**EXERCISE**. Would you set down the data that follows, word for word, without any pictures?

**DATA SECTION**.

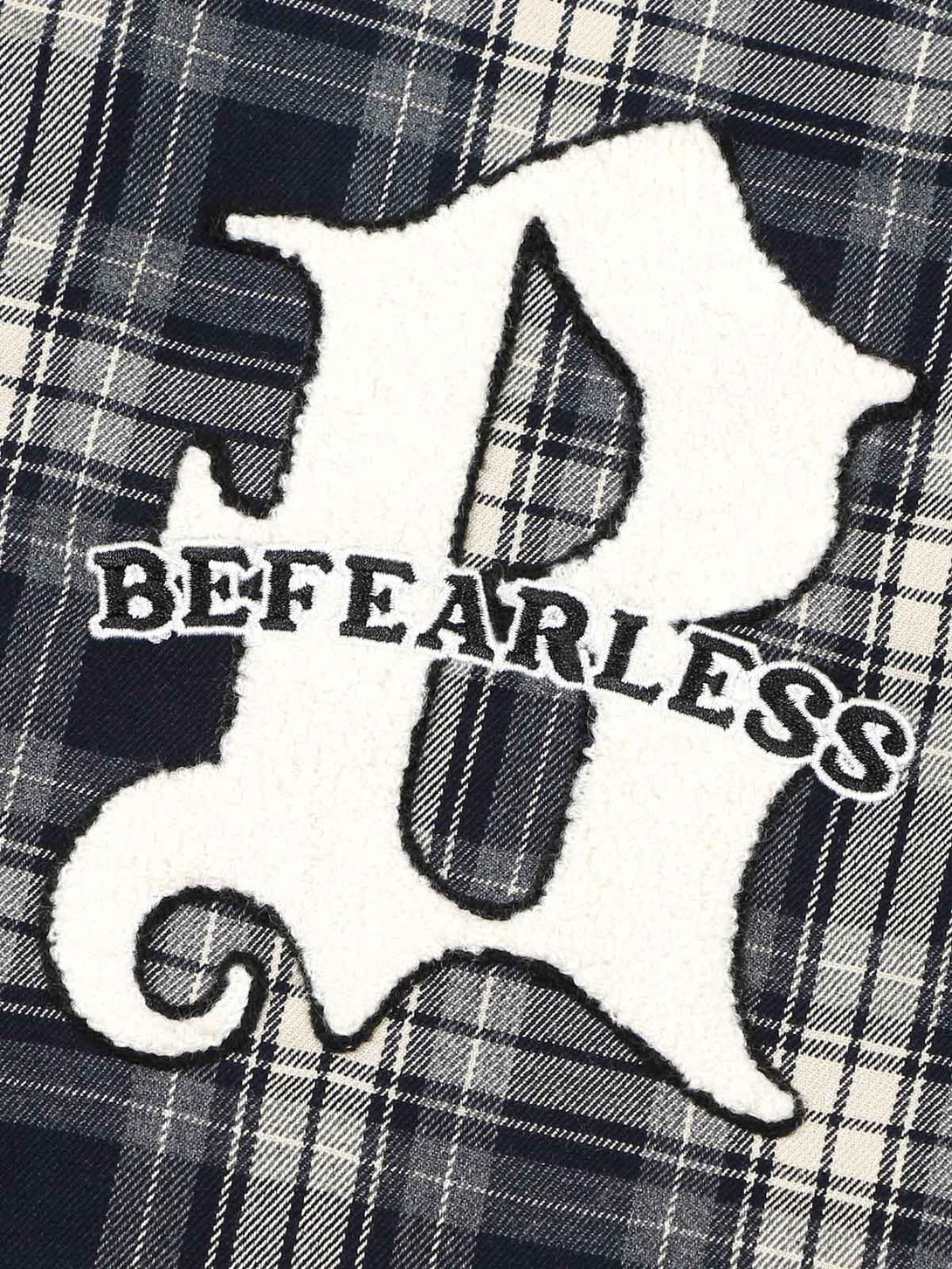 A detailed view of towel embroidery on a plaid shirt by TALISHKO, highlighting unique design.
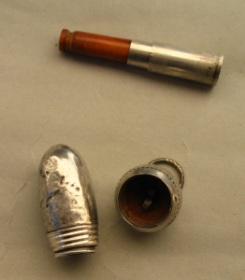 silver acorn containing a cigarette-holder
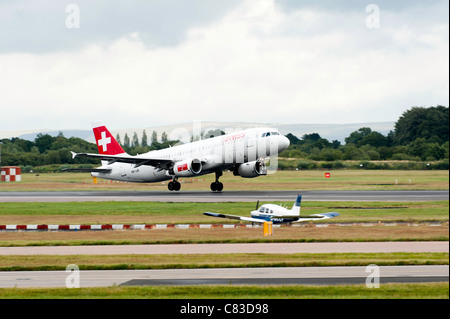 Swiss International Air Lines Airbus A320 Airliner Taking Off From Manchester International Airport England United Kingdom UK Stock Photo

**TASK RESULT**.
 A detailed view of towel embroidery on a plaid shirt by TALISHKO, highlighting unique design.
 silver acorn containing a cigarette-holder
 Swiss International Air Lines Airbus A320 Airliner Taking Off From Manchester International Airport England United Kingdom UK Stock Photo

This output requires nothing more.